CHICAGO -- The best new storyline to a dismal Chicago Cubs season showed no signs of slowing down on Saturday in the team’s 11-6 loss to the Atlanta Braves. Arismendy Alcantara played a flawless center field -- just his 12th time playing there this season and first in the big leagues -- while collecting two more hits and scoring two runs.

"He looked very smooth," manager Rick Renteria said after the game about Alcantara’s defense. "He looked exactly the way he did [shagging fly balls] in batting practice the other day. He’s obviously an athlete, has a feel, looks like his reaction and routes were good. And he has a good arm."

Alcantara went to his left and his right with ease while a gusting wind out to center kept things interesting. He made four putouts on the afternoon, begging the question which position he would like to play.

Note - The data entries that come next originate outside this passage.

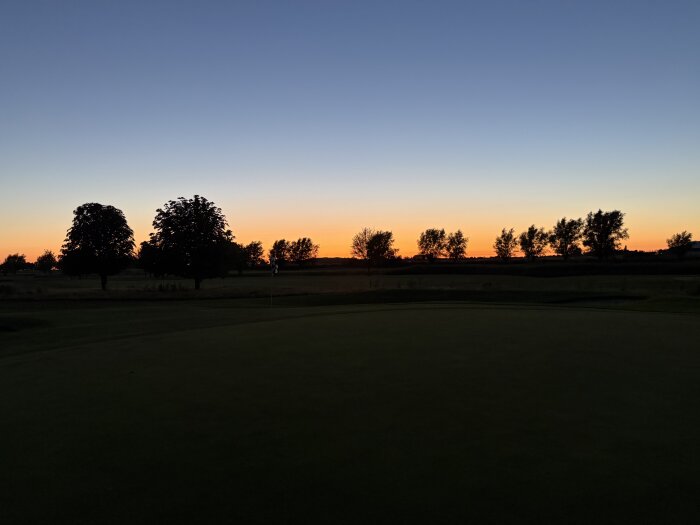 Solnedgång över en golfbana med silhuetter av träd vid horisonten och en flagga på greenen under en klar kvällshimmel.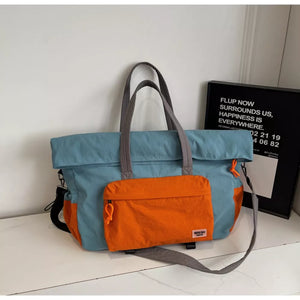 Duffel bag in blue with orange front pocket and grey straps.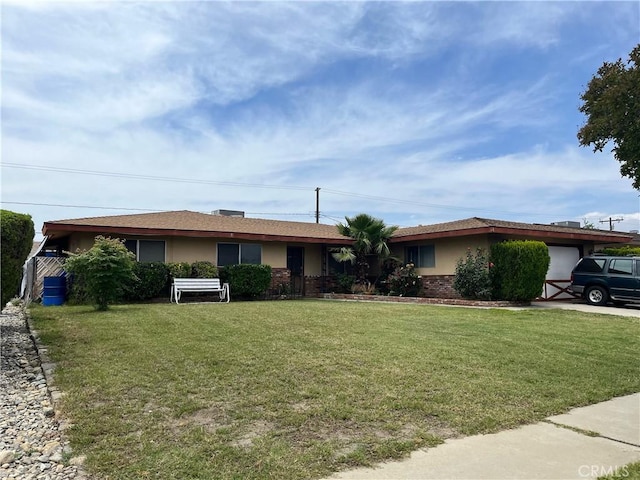 9846 Tamarind Ave, Bloomington, CA 92316 - single story home featuring a front lawn, an attached garage, stucco siding, and brick siding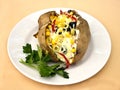 Baked kumpir potato stuffed with cheese, sausage, olives, pepper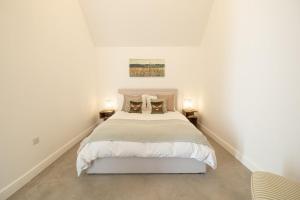 a white bedroom with a bed and two lamps at Eastcombe Barn in Castle Combe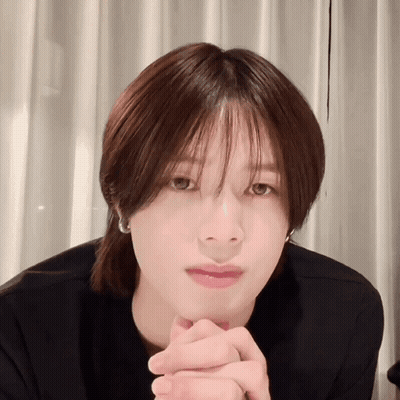 A Close Up Of A Person 'S Face With Their Hands Folded In Front Of Their Face GIF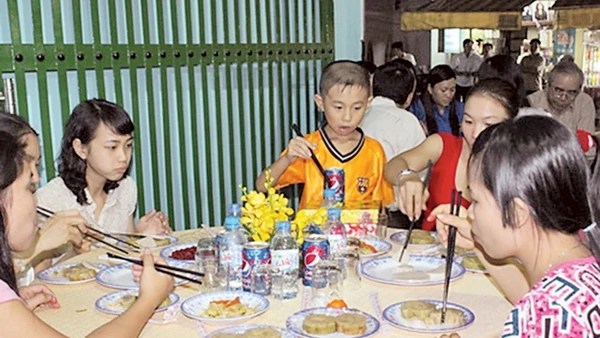 Các gia đình công nhân ăn Tết tại xóm trọ 143 Trần Thanh Mai, Q. Bình Tân, TP Hồ Chí Minh. Ảnh: TRUNG CHÁNH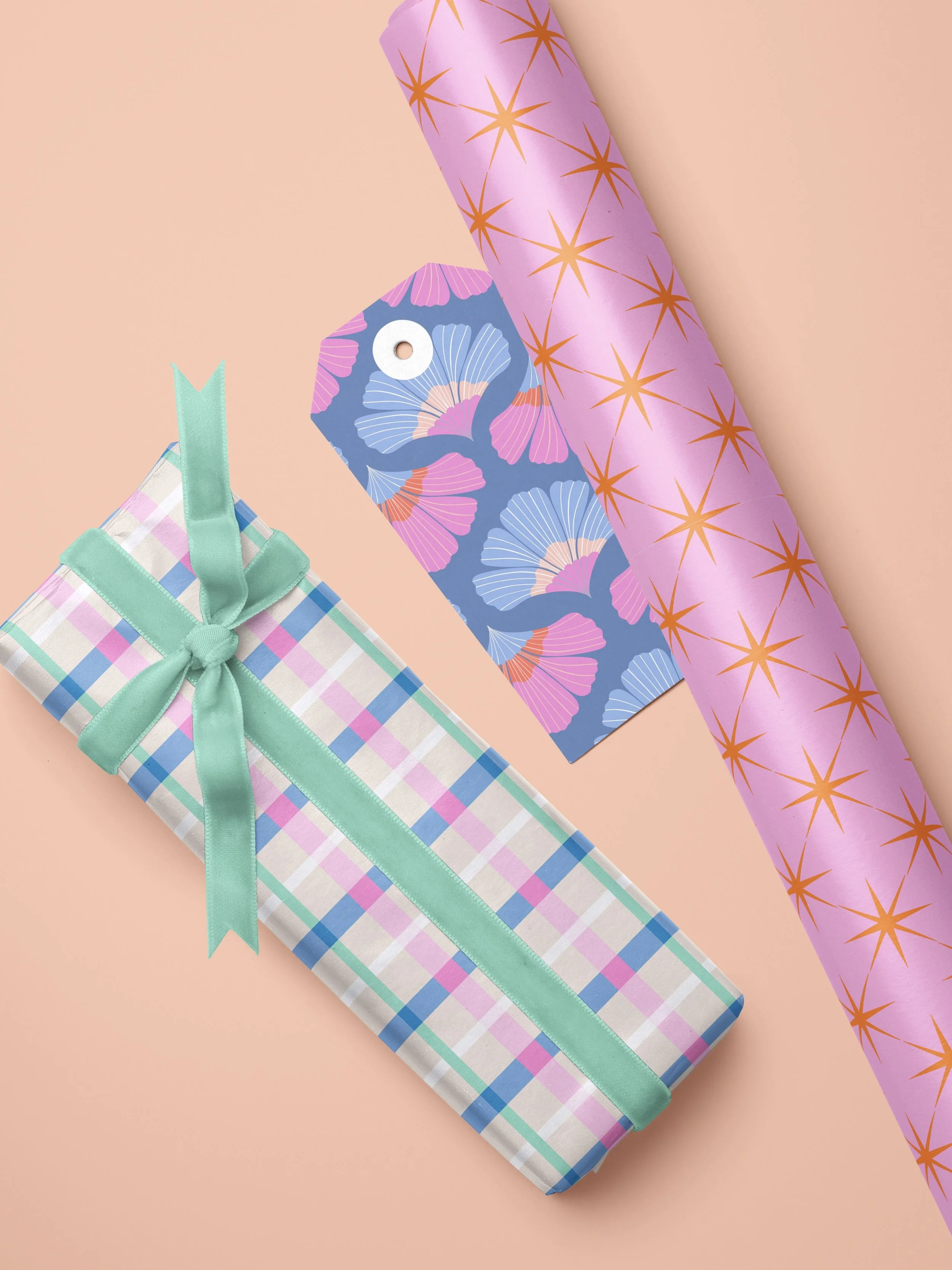 A pastel pink surface with gift-wrapped presents and wrapping paper. The presents include a rectangular gift with pastel plaid paper tied with a mint green ribbon and bow, and a rectangular gift tag with a blue background and pink and purple ginkgo l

"It doesn’t matter," Alcantara said. "I just want to be in the lineup that day. I just want to play the game."

Undoubtedly, he would be more comfortable in the infield, where he’s played shortstop and second base in the minors. Renteria wouldn’t publicly commit to Alcantara starting on Sunday, but it would be a shock if the player with seven hits in his first 18 at-bats (.389) isn’t in the lineup the day before the All-Star break begins. He’s scored five runs in his first four games, setting the table at the top of the lineup, as he did with a leadoff double on Saturday. That was long before the game got out of hand.

"It’s something special for me," Alcantara said of being in the big leagues. "I can’t explain it to you."

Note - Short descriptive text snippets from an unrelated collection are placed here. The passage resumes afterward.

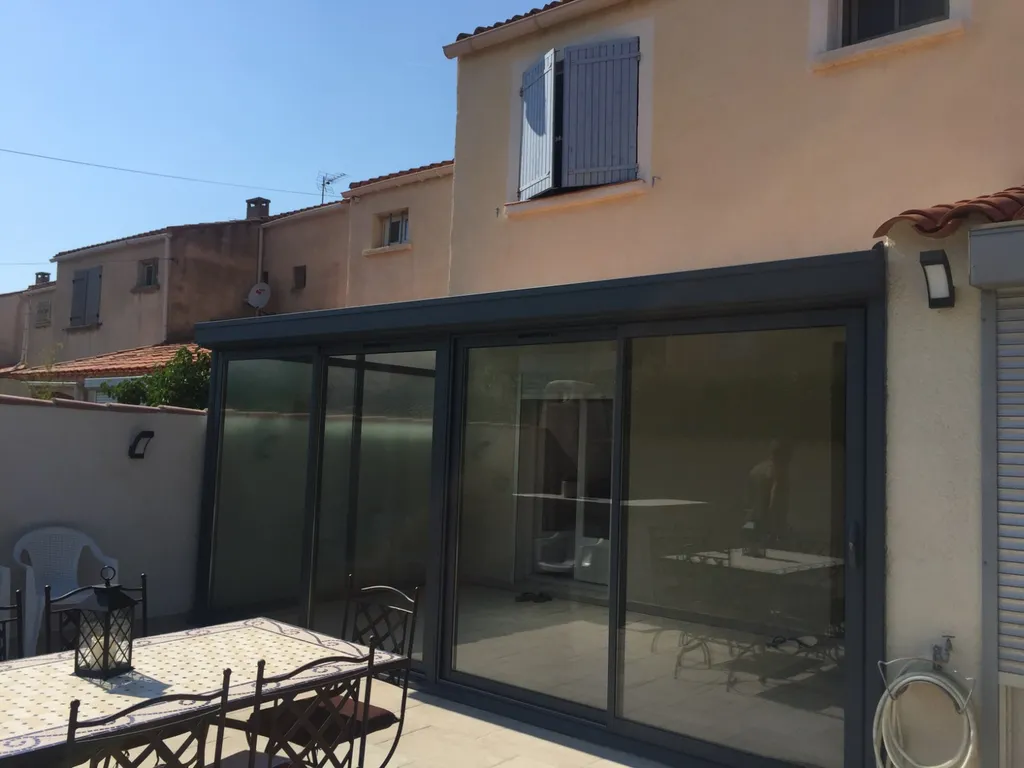 Véranda avec porte coulissante sur Châteauneuf-les-Martigues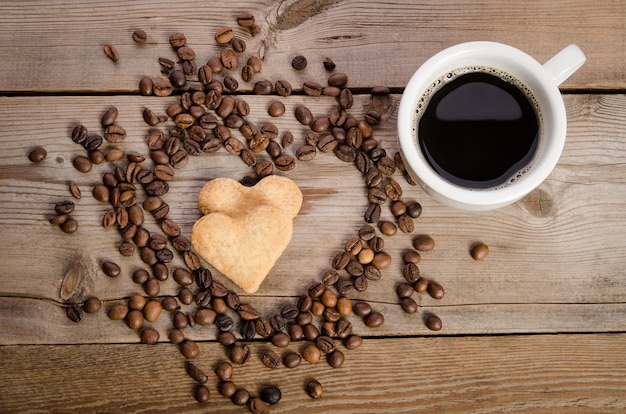 Taza de café, granos de café y galletas-corazones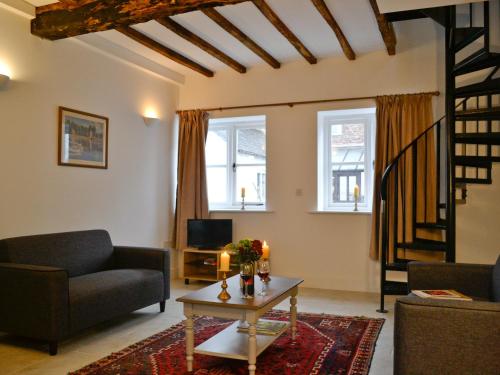 Et opholdsområde på The Grooms Cottage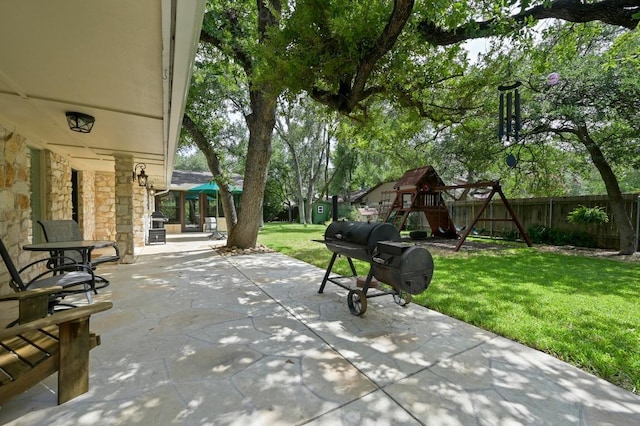 11001 Spicewood Club Dr, Austin, TX 78750 - fenced backyard with a patio, a playground, and a grill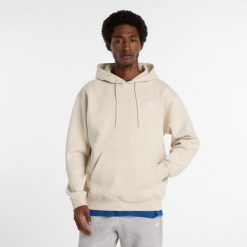 Bluza męska New Balance MT41511TWF – beżowa. Brązowe bluzy męskie New Balance, l, z aplikacjami, z bawełny, z kapturem. Za 299.99 zł.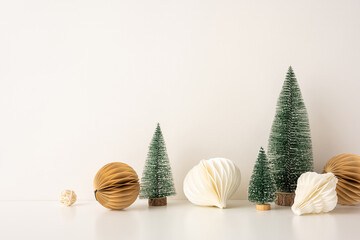 A side view simple Scandinavian-inspired Christmas arrangement featuring miniature pine trees and geometric paper ornaments. The image showcases an elegant and minimalist holiday decor setting. © ActionGP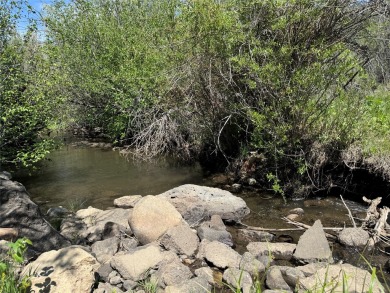 Conveniently located halfway between Taos and Angel Fire, along on El Valle Escondido Golf Course in New Mexico - for sale on GolfHomes.com, golf home, golf lot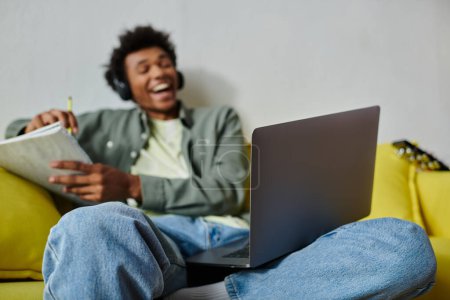Foto de Young man studying with laptop on yellow couch and headphones. - Imagen libre de derechos
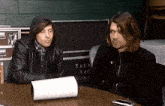 two men sit at a table in front of a sign that says taki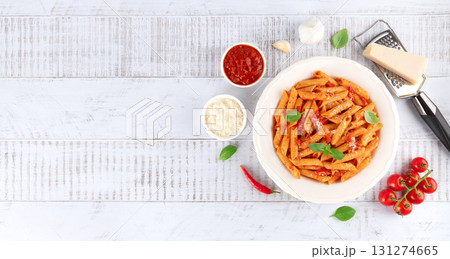Pasta arrabbiata with tomato sauce, chili, parmesan and basil on wooden background. IItalian cuisine 131274665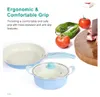 A cooking set with a frying pan and a pot, alongside fresh vegetables and a cutting board with meat, presented with marketing text about its grip. Náhled obrázku produktu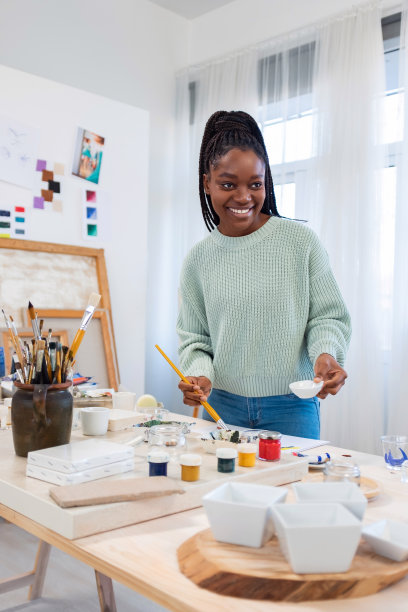 年轻的女艺术家在她的画室里图片下载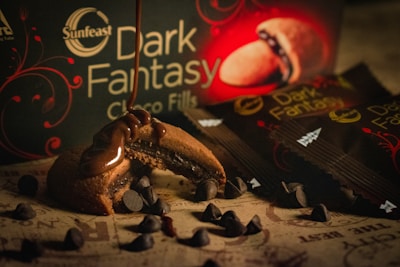 A close-up view of a partially eaten chocolate-filled cookie with melted chocolate dripping from it, surrounded by scattered chocolate chips. The background features a product box and packaging with the label 'Dark Fantasy' displayed prominently, hinting at a rich, indulgent theme.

So, will he stay with the Cubs after the break? That’s all anyone wants to know.

"We’ll have conversations," Renteria said before the game. "I can’t tell you when, but I’m sure we’ll have conversations."

The Cubs have several options. The simplest one might be to send a pitcher down to the minors, as they’ve carried 13 for much of the season. With the All-Star break, their relief corps will be well rested, and the need to baby arms after the four-day break might not be as necessary right away. By the time it does, the trade deadline will be upon us and the Cubs will undoubtedly make a move or two with a position player. That would open the spot for Alcantara to stay.

If the Cubs need to play Emilio Bonifacio to show teams he’s healthy when he returns, or even Darwin Barney to show them he’s still viable, then so be it. Nothing is written that Alcantara has to start every day -- as much as anyone watching the Cubs wants it.

"When we get together as an organization and discuss those things, we have to take in a lot of factors," Renteria said. "We’ll come to a good conclusion, sound decision. That’s best for us as a club and best for the organization."

Or the Cubs could send Junior Lake or Mike Olt down to the minors in light of their struggles. Or maybe the Cubs will make a deal during the break. The front office has stated on many occasions that once the Cubs promote, they don’t want to go backward. After changing their minds about Alcantara going back to the minors when Barney came off paternity leave, the writing should be on the wall. Keep him.

"Whatever they want me to," Alcantara said. "I don’t expect that [staying]. I just try to play good baseball."